Imaginons l’inverse : le chef néo-franquiste du gouvernement espagnol s’inquiétant
– de l’état de nos banlieues,
– de nos médias aux ordres,
– des cadeaux "socialistes" au patronat,
– de la liberté de manifester en France,
et exiger, par exemple, la co-officialité de nos langues régionales...

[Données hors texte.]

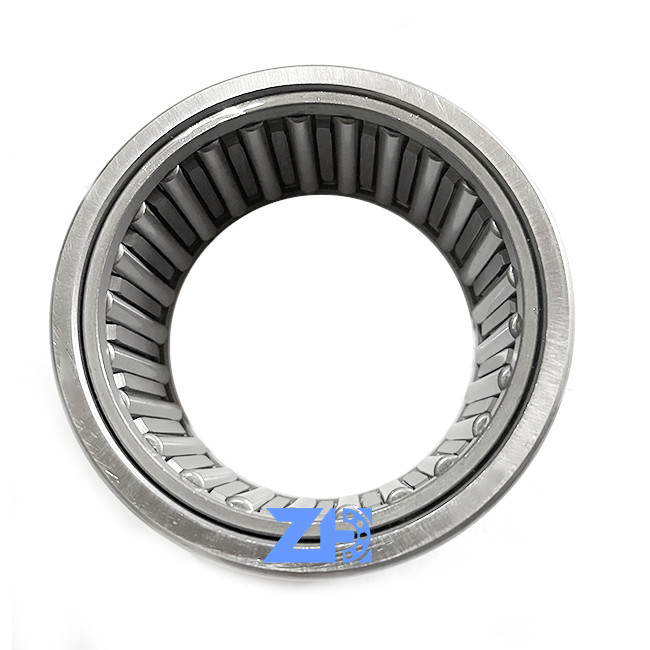 Rolamento de rolo 63.5*82.55*44.45mm da agulha BR405228   De baixo nível de ruído e fácil de usar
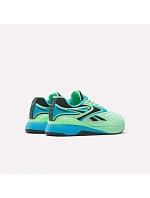 Tenisky Reebok NANO X5 EDGE GREEN GLOW (100244434) Tenisky Reebok NANO X5 EDGE GREEN GLOW (100244434)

Cela s’appelle de l’ingérence dans les affaires d’un pays souverain et viole les normes de base de la diplomatie.
En visite officielle en Espagne ce mercredi, le premier ministre français a déclaré qu’une éventuelle "sécession" (qui parle de sécession ?) de la Catalogne "aurait des conséquences très dangereuses" pour la Catalogne, l’Espagne mais aussi l’Europe. Valls a ressorti les vieux épouvantails des "nationalismes" et des "populismes" qui menaceraient "la construction européenne" ultralibérale.
Dans un pays déjà saigné aux quatre veines par la Troïka, le docteur Diafoirus a recommandé d’intensifier "les efforts" (entendez les sacrifices) pour "réduire le déficit public et la dette". Il s’est même permis de faire la leçon au nouveau secrétaire général du PSOE, Pedro Sanchez, qui avait appelé les socialistes espagnols au Parlement européen à voter contre l’élection de Jean-Claude Juncker. Le premier ministre français, du haut de sa morgue, l’a indirectement enjoint à "être cohérent".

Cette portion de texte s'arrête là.